For Andrew Ferguson's first release away from Tempa his Nomine alias surfaces on AMAR, and to add that extra statistic, it's the first release from another artist to appear on AMIT's label. Opening track "Voodoo Native" is all about tribal drums that are made to fit a linear techno mould, while 9er's rhymes in the bass, clap and breakdown heavy "99 Aachen" will appeal to all you Phi-Life Cypher fans out there. Drums are stripped, atmospheres are tense and pianos are blurry in the title-track, while "Closed Door" is UK bass music made for a sewer rave.
Dust is Jeanson Antonin's debut release on Token and arguably it's his most impressive release to date. Kr!z label has given him a double pack format to work with and it allows him the platform to express himself. At either end of the release there are two beautiful soundscapes; "Anna Livia" bathes in sensuous textures, while "Blue Note" features slow-motion beats underpinning shimmering melodies. In stark contrast, "Neter", "Astragal" and "Artefact" are tough, metallic bangers that recall the distorted stomp of Joey Beltram and Jeff Mills. However, it isn't just a release of extremes and "Prime Mover" sees Antigone bring a house groove to his tough metallic production.
After previous, if infrequent, transmissions for Electric Minds and Non Plus, Commix producer George Levings returns with some new Endian material for the always impressive Secretsundaze Music. The more attentive out there may well have heard at least one of these tracks in the club or in a mix of late, with Joy Orbison ending his Essential Mix last year on the opening track "Finish Me". Well done to Secretsundaze for facilitating a wider release for them then with "Finish Me" the sort of fiery, low end heavy club track you feel will be heard on dancefloors for some time to come. Don't ignore the B side tracks though as they are equally potent tools for the dancefloor.

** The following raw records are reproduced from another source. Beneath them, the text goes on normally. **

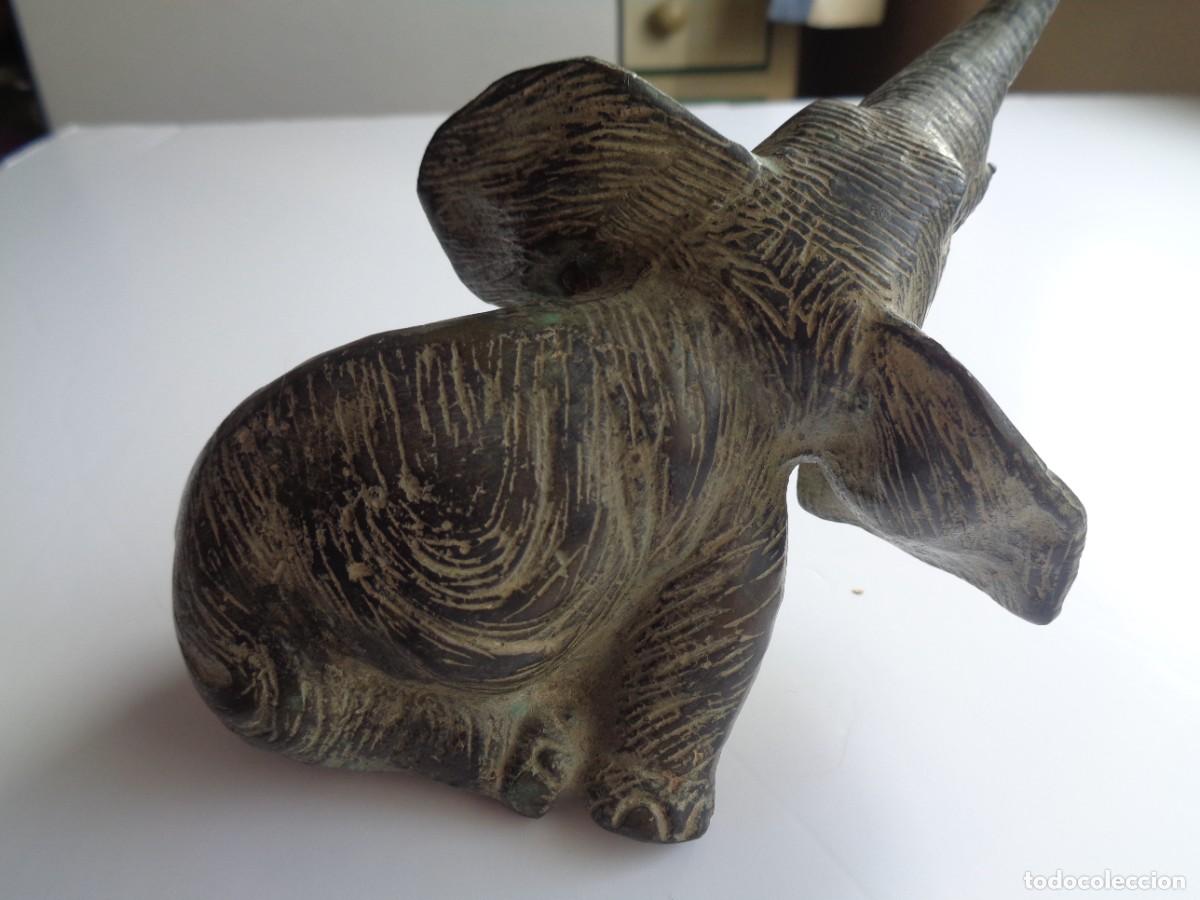 Antig&uuml;edades: ELEFANTE DECORATIVO - Foto 3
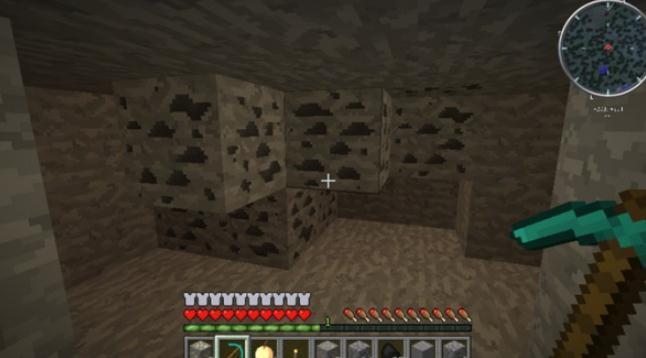 我的世界一键挖矿模组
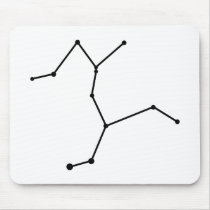 Centaurus Constellation Mousepad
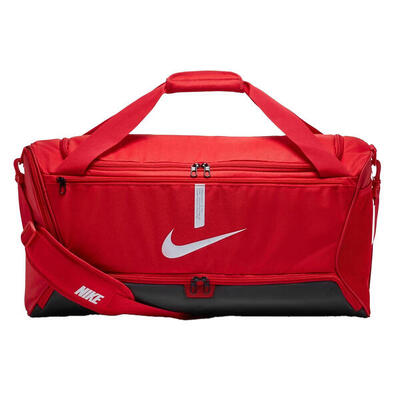 Academy team 60l duffeltas (rood)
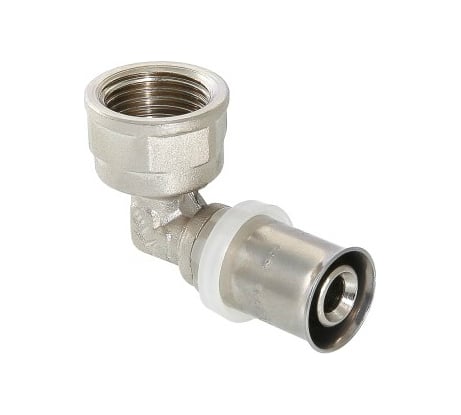 Угольник пресс с переходом на внутреннюю резьбу 20х1/2 Valtec VTm.252.N.002004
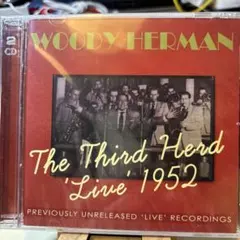 Woody Herman The Third Herd 'Live' 1952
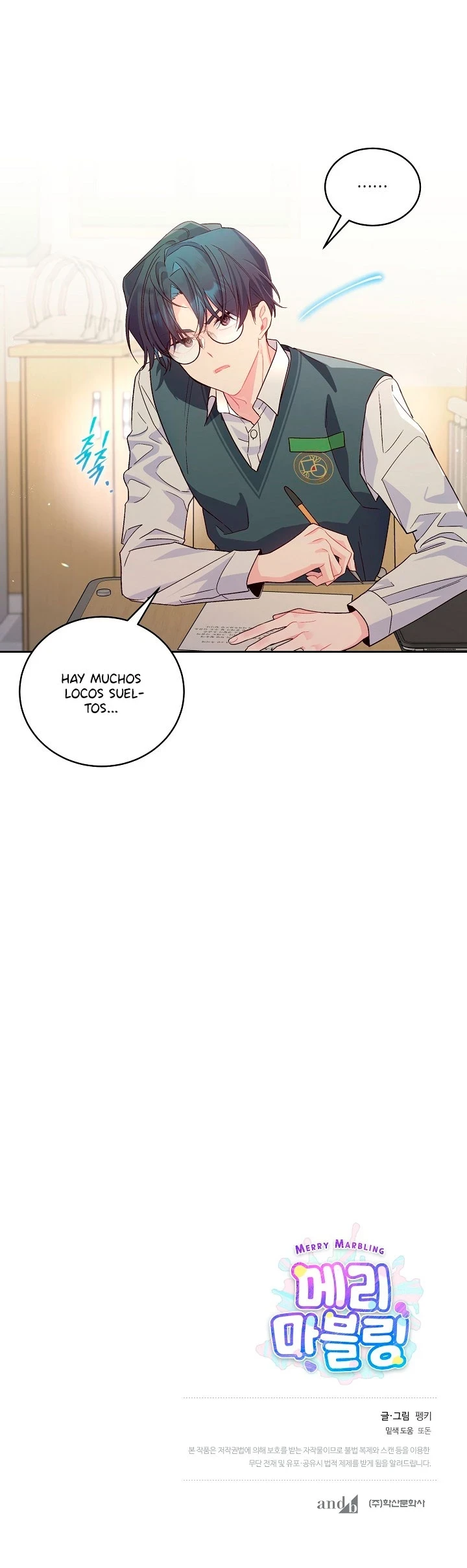 Feliz Marmoleo capítulo 19, página 29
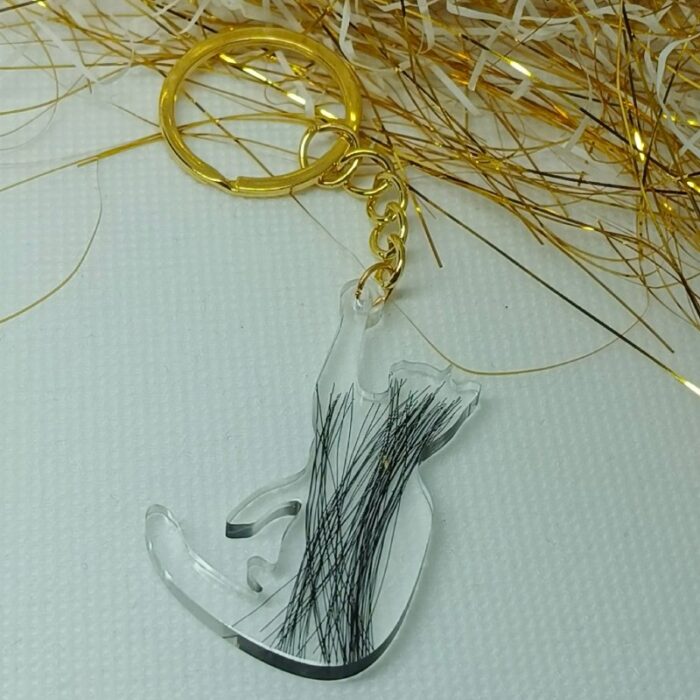 Brelok w kształcie kotka - wyjątkowy prezent z sierścią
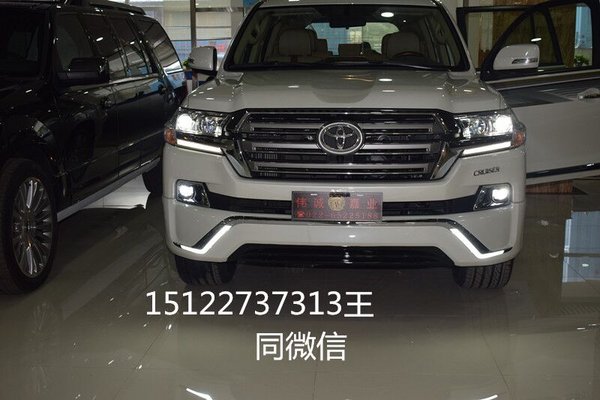 豐田蘭德酷路澤4000丐版 56萬起三包質(zhì)保-圖1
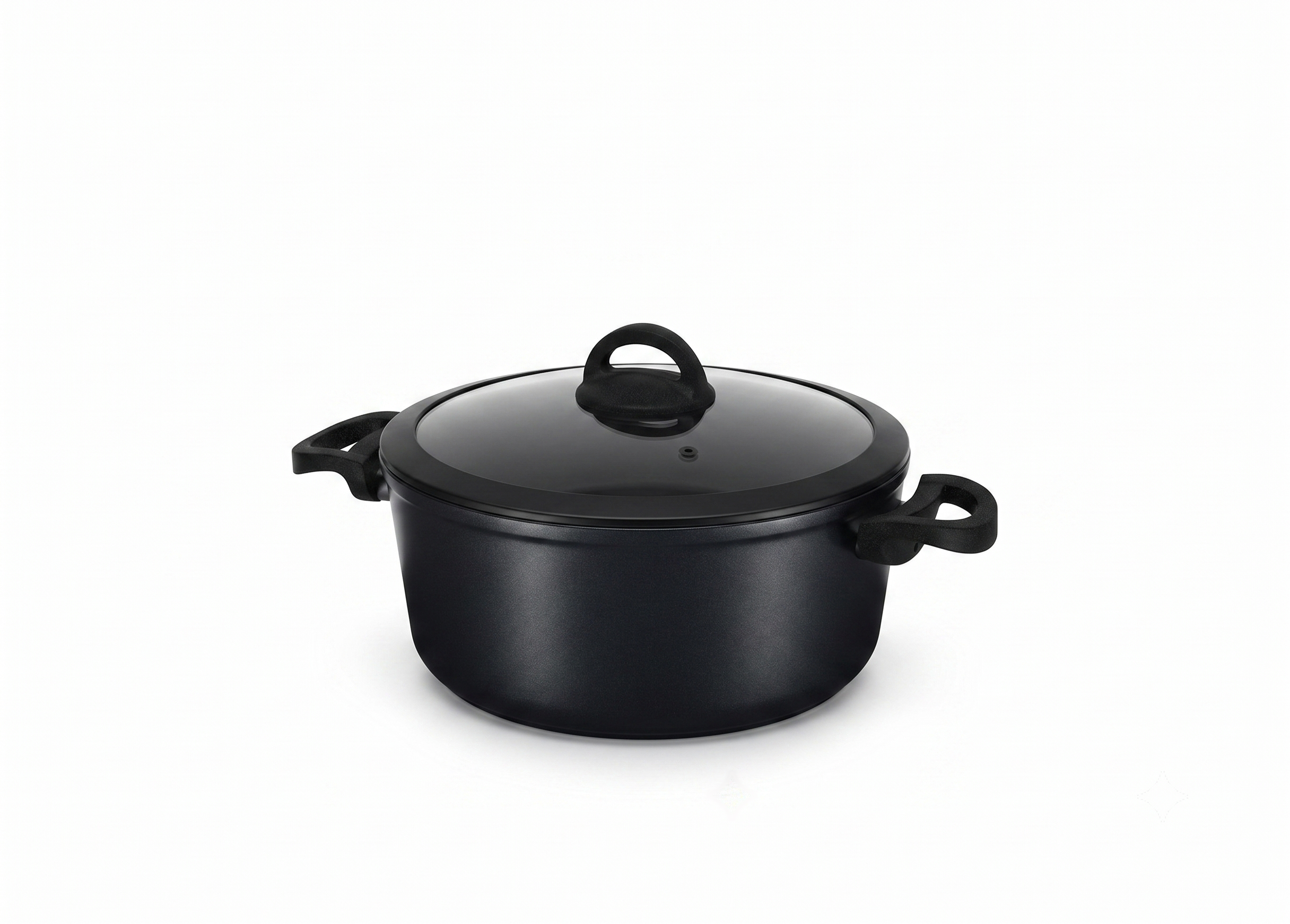 Black Granite Casserole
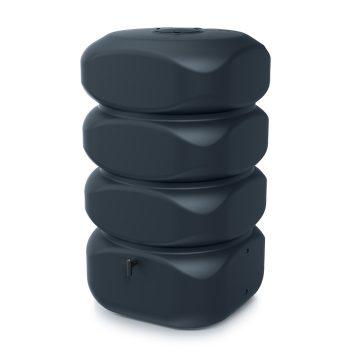 Prosperplast GUBO hordó antracit 700l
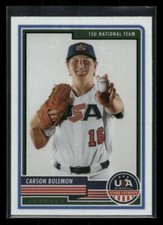 2023 Panini USA Baseball Stars & Stripes #22 Carson Bolemon
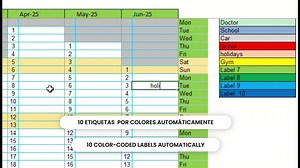 Excel Perpetual Calendar PLUS Annual Planner 2024 2025 2026 2027 Minimalist Simple Spreadsheet Organizer Template - Etsy Canada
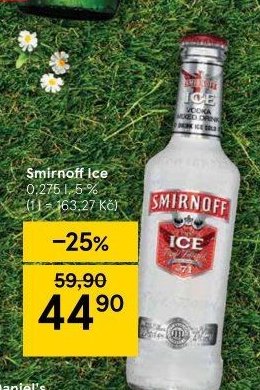 Smirnoff Ice 0,275 l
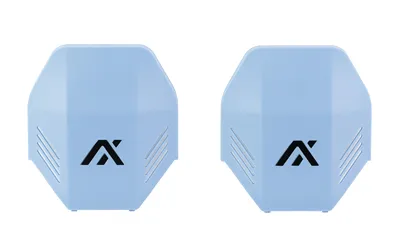 AXIL MX Plate MXPLTB Polymer Over the Head Slate Blue - View 2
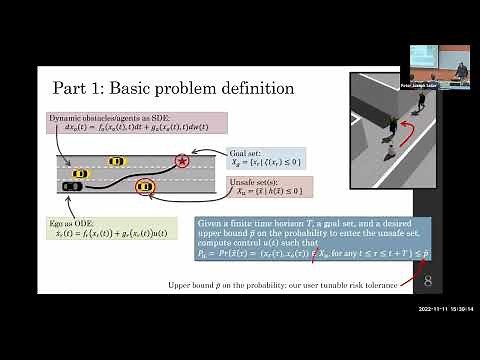 Control barrier functions & neural networks for handling risk and uncertainty in autonomous systems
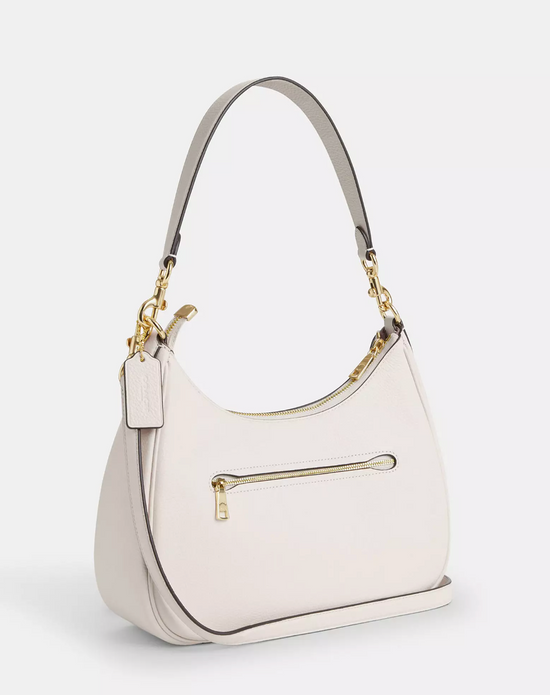 Coach Teri Hobo In Gold Chalk (Pre-Order)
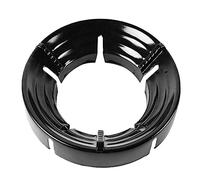 Toddmomy 1 Pz Copertura a Risparmio Energetico Coperture Protettore Protezioni Per Bruciatori Da Piano Cottura a Gas All'aperto Protezioni Per Piano Cottura Nero Ferro Da Stiro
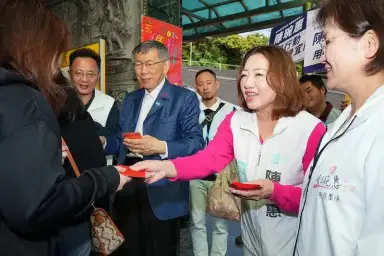 春節走廟宇、宜蘭談政策．柯文哲助攻陳琬惠【影音直播】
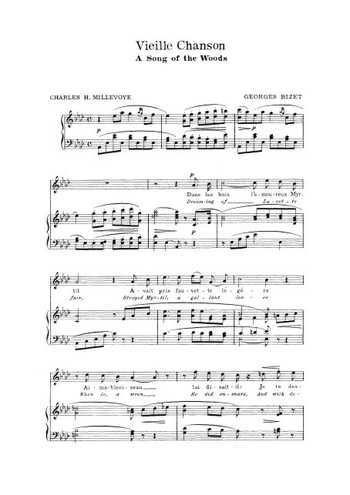 Vieille Chanson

London bass house specialist Mickey Pearce returns to Loefah's Swamp 81 with a new collection of floor pulverisers; the sort of tunes that make trends and break necks. "Warm Barzz" itself is on the docile side, but "Loop W" rapidly enters the abyss in what is surely one of the oddest drum loops we've heard from the man. "Sticky Fingerprints" is a lo-fi kinda number with eerie background sonics but still a prime cut for the dancefloor, while "Loop X" is completely broken, a mass of percussion held together by the darkness below it. Large.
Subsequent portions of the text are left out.